It is important to distinguish between general 2-surfaces in this slicing and with what I have called string world sheets and partonic 2-surfaces. I have certainly not done this systematically;-). String world sheets and partonic 2-surfaces can be defined as special 2-surfaces in these slicings: they correspond to light-like orbit of wormhole throat (4-metric effectively 3-D) and string world sheets at which the signature of the effective metric defined by modified gammas changes signature from (1,1,-1,-1) to (-1-1,-1,-1) so that space-time (or rather its tangent space) becomes locally 2-D with respect to effective metric.

To be continued....

Continuation of the answer to Hamed....

The physical vision is more or less the following and inspired by AdS^5 duality and general coordinate invariance in strong form (GCI).

a) AdS^5 duality suggest that string world sheets are in the same role as string world sheets of 10-D space connecting branes in AdS^5 duality for N=4 SYM. What is important is that there is duality and two manners to calculate the amplitudes. What it could mean now?

My guess inspired by strong GCI is that string world sheet -partonic 2-surface duality and its generalization to arbitrary pair of surfaces in the slicing holds true. The functional integrals over the 2 kinds of 2-surfaces should give same result and functional integration over either kinds of 2-surfaces is enough. Note that the members of a given pair intersect at discrete set of points and these points defined braid ends carrying fermion number. Discretization and braid picture follows automatically.

b) Scattering amplitudes in twistorial approach can be calculated by using *any* pair in the slicing - or any half of it if a) is true. The possibility to choose any pair in the slicing means general coordinate invariance symmetry of metric of WCW and of the entire theory. For a general pair one obtains functional integral over deformations of space-time surface inducing deformations of 2-surfaces with only other kind 2-surface contributing to amplitude. This means the analog of QFT in 2-D spaces: something very stringy. Minkowskian or Euclidian strings.

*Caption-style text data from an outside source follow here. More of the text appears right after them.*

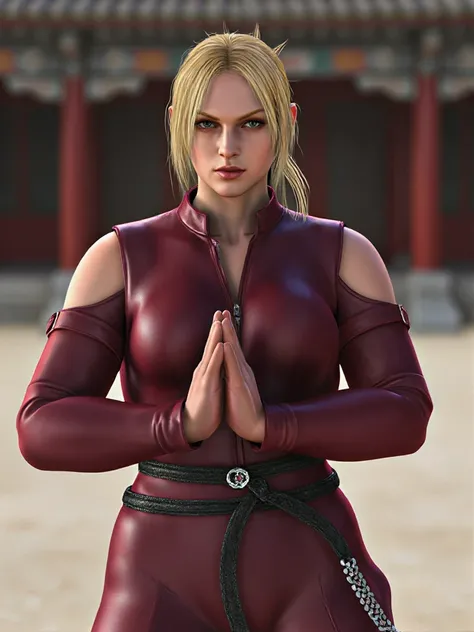 Nina_Williams-Flux1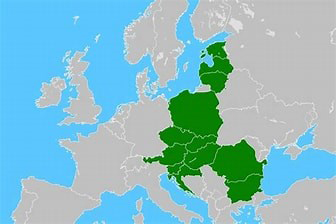 ROTARY Lublin Spotk ze Slowakami B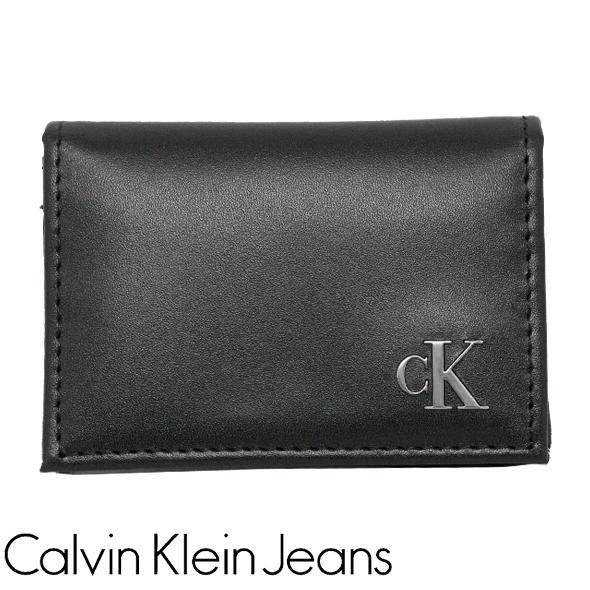 Calvin Klein Jeans（カルバンクラインジーンズ） カルバンクライン
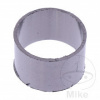 ATHENA Tesnenie výfuku Athena 35X38X25MM pre Suzuki VL1500 Intruder 1998-2012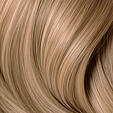 Naturigin Permanent Hair Colours 115 ml - Very Light Natural Blonde 9.0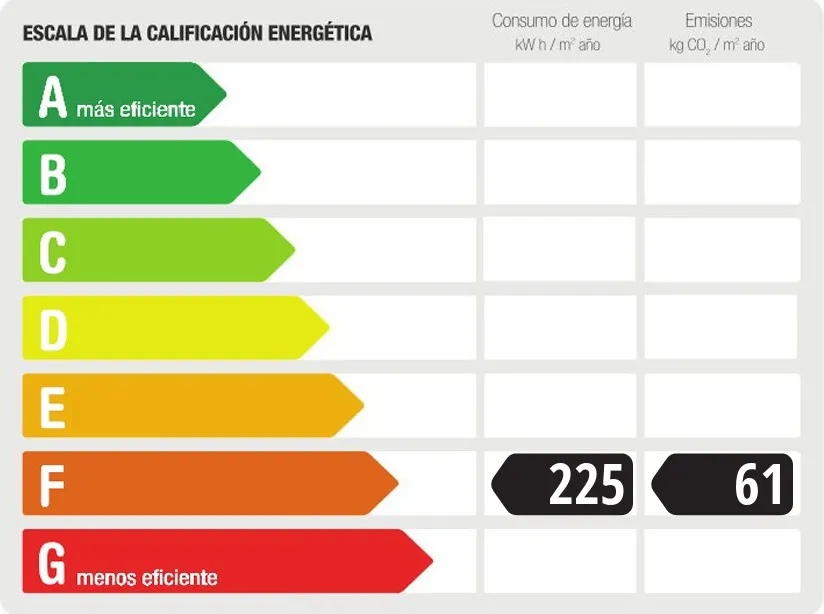 Encantadora finca en un lloc idíl·lic amb precioses vistes-15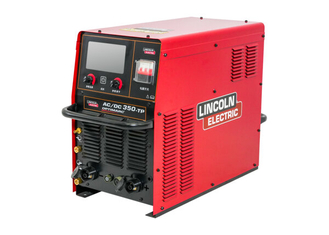 OPTIMARC ACDC 350-TP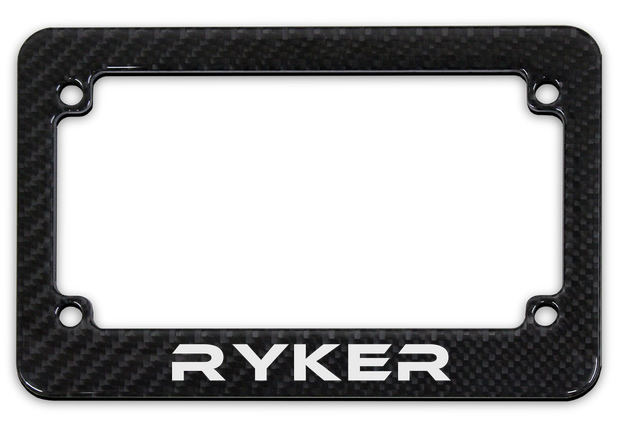 RYKER.jpg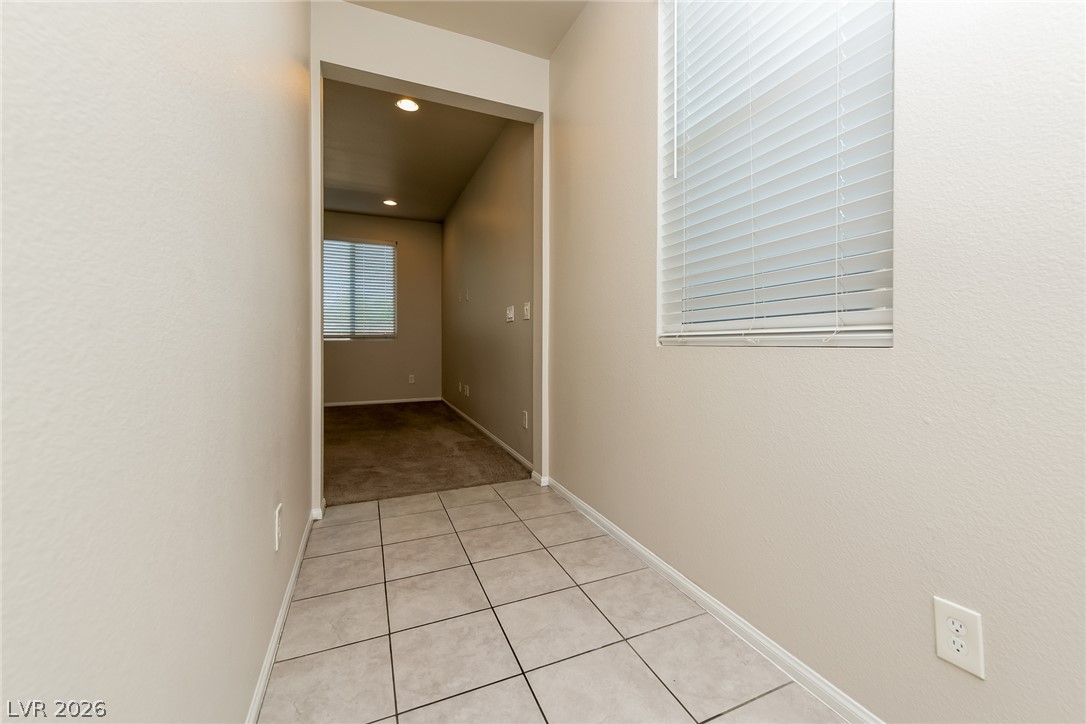 5729 Artesia Fountain Street North Las Vegas NV 89031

c) When string world sheets and partonic 2-surfaces are used one obtains enormous simplification. The propagators for fermions and correlation functions for deformations reduce to 1-D instead of being 2-D: propagation takes place only along the light-like lines at which the string world sheets with Euclidian signature (inside CP_2 like regions) change to those with Minkowskian signature of induced metric. This would be enormous simplification.

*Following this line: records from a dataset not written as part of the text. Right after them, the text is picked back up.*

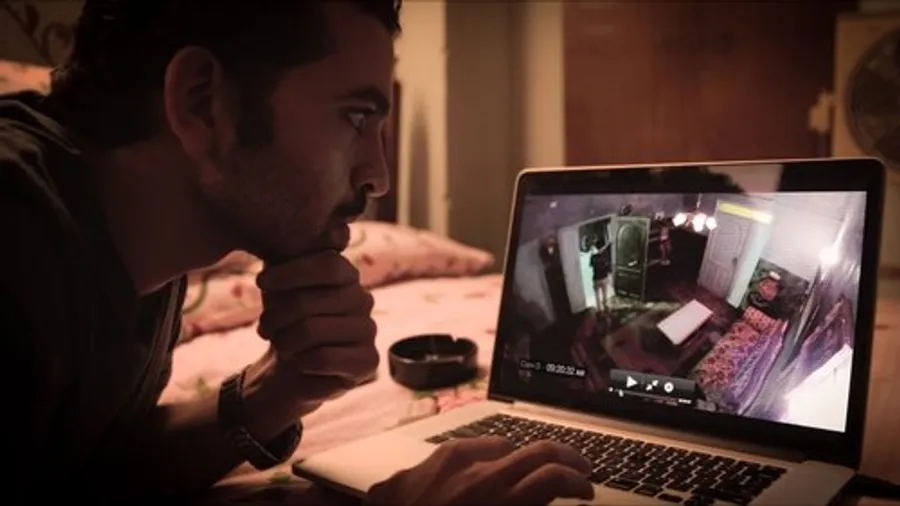 Медиа изображение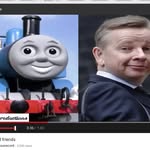 Frankie Stroud - @mr_frinkles - Instagram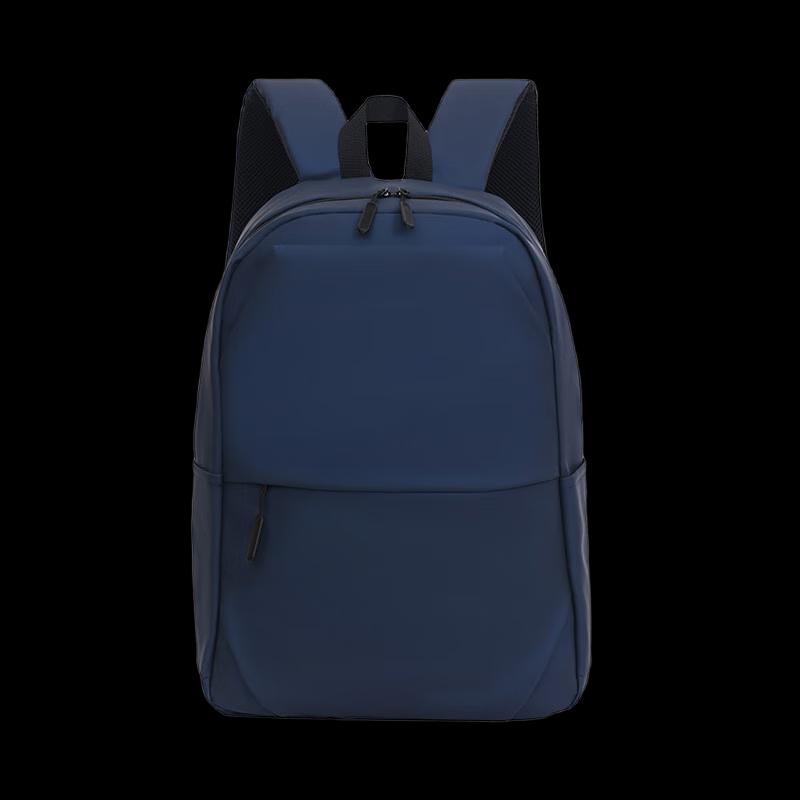 Li Shen Men s Large Capacity Travel & Business Backpack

These lines represent orbits of point like particles carrying fermion number at orbits of wormhole throats. Furthermore, the expansions coming from string world sheets and partonic 2-surfaces are identical automatically! Duality is trivially true. This would be a "proof" for the analog of AdS^5 duality for N=4 SYMs. One can indeed use integral over either string world sheets or partonic 2-sheets to deduce the amplitudes.

This kind of Feynman diagrammatics involving only braid strands is what I have indeed ended up earlier so that it seems that I can trust good intuition combined with a sloppy mathematics sometimes works;-).

In his Strings 2012 talk Nima tells that they have also realized that 2-surfaces must be there at space-time level as carriers of singularities and their next goal is to identify them. In TGD string world sheets and partonic 2-surfaces would be these singular surfaces. The singularities of Feynman amplitudes central for their approach would have singularity of the induced and effective metric as space-time counterpart.

Dear Hamed,

warning!

I decided to add to blog posting about Nima's talk something and ended up to talk about partonic 2-surfaces and string world sheets as generic 2-surfaces in the slicing of space-time surface.

The special surfaces at which effective metric is degenerate I call singular partonic 2-surfaces and string world sheets.

Sorry for this fuss. It is difficult to be consistent in terminology.

Dear Matti,

Thank you very much. i am in struggling with your answers.

Best wishes for you.

I added a little posting about the generalization of AdS^5 duality to TGD framework and the simplification of perturbative approach for singular string world sheets and partonic 2-surface: strings would reduce effectively to points.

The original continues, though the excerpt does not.